Citation : 2021 Latest Caselaw 4816 Mad
Judgement Date : 24 February, 2021

Madras High Court
The Commissioner Of Gst & Central vs M/S.Rakindo Kovai Township on 24 February, 2021
                                                                          CMA.No.3020 of 2019


                                       In the High Court of Judicature at Madras

                                                  Dated : 24.2.2021

                                                       Coram :

                                     The Honourable Mr.Justice T.S.SIVAGNANAM

                                                         and

                                       The Honourable Ms.Justice R.N.MANJULA

                                      Civil Miscellaneous Appeal No.3020 of 2019


                     The Commissioner of GST & Central
                     Excise, Chennai North Commissionerate,
                     Chennai-34.                                             ...Appellant
                                                     Vs
                     M/s.Rakindo Kovai Township
                     Ltd., Chennai-18.                                       ...Respondent

APPEAL under Section 83 of Chapter V of the Finance Act, 1994

read with Section 35G of the Central Excise Act, 1944 against final

order No.42918/2018 dated 20.11.2018 passed by the Customs,

Excise and Service Tax Appellate Tribunal, South Zonal Bench,

Chennai.

For Appellant : Mr.V.Sundareswaran, SSC For Respondent : Mr.M.P.Senthilkumar for Mr.G.Baskar

https://www.mhc.tn.gov.in/judis/ CMA.No.3020 of 2019

Judgment was delivered by T.S.SIVAGNANAM,J We have elaborately heard Mr.V.Sundareswaran, learned Senior

Standing Counsel appearing for the appellant and Mr.M.P.

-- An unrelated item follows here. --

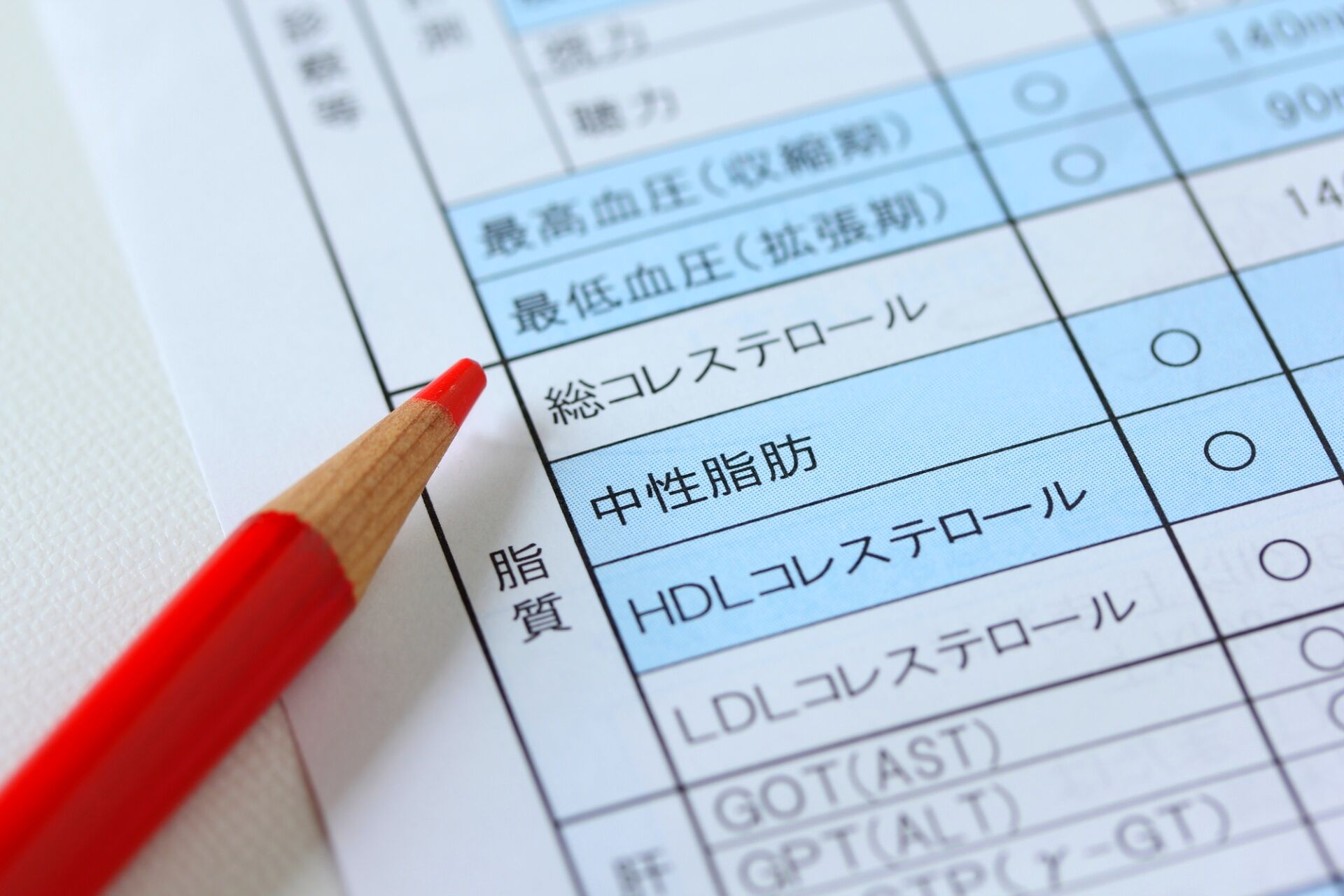 健康診断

Senthilkumar, learned counsel appearing on behalf of Mr.G.Baskar,

learned counsel on record for the respondent.

2. This appeal filed by the Revenue under Section 83 of Chapter

V of the Finance Act, 1994 read with Section 35G of the Central Excise

Act, 1944 is directed against final order No. 42918/2018 dated

20.11.2018 passed by the Customs, Excise and Service Tax Appellate

Tribunal, South Zonal Bench, Chennai (for short, the Tribunal).

3. The Revenue has filed this appeal by raising the following

substantial questions of law :

“1. Whether the order of the Tribunal is perverse and contrary to the admitted facts and circumstances of the case?

2. Whether the Tribunal was right in holding that the respondent is entitled for credit of service tax paid by them prior to registration with the Department ?

3. Whether the Tribunal is right in holding that the respondent was entitled for CENVAT credit prior to rendering any service nor getting registered with the Service Tax

https://www.mhc.tn.gov.in/judis/ CMA.No.3020 of 2019

Department when the decisions relied upon are sub-judice in the Apex Court? and

4. Whether the Tribunal was correct in ignoring the specific provision in the statute that services received from outside India, on which, service tax is to be paid cannot be treated as output service for the purpose of taking CENVAT credit ?”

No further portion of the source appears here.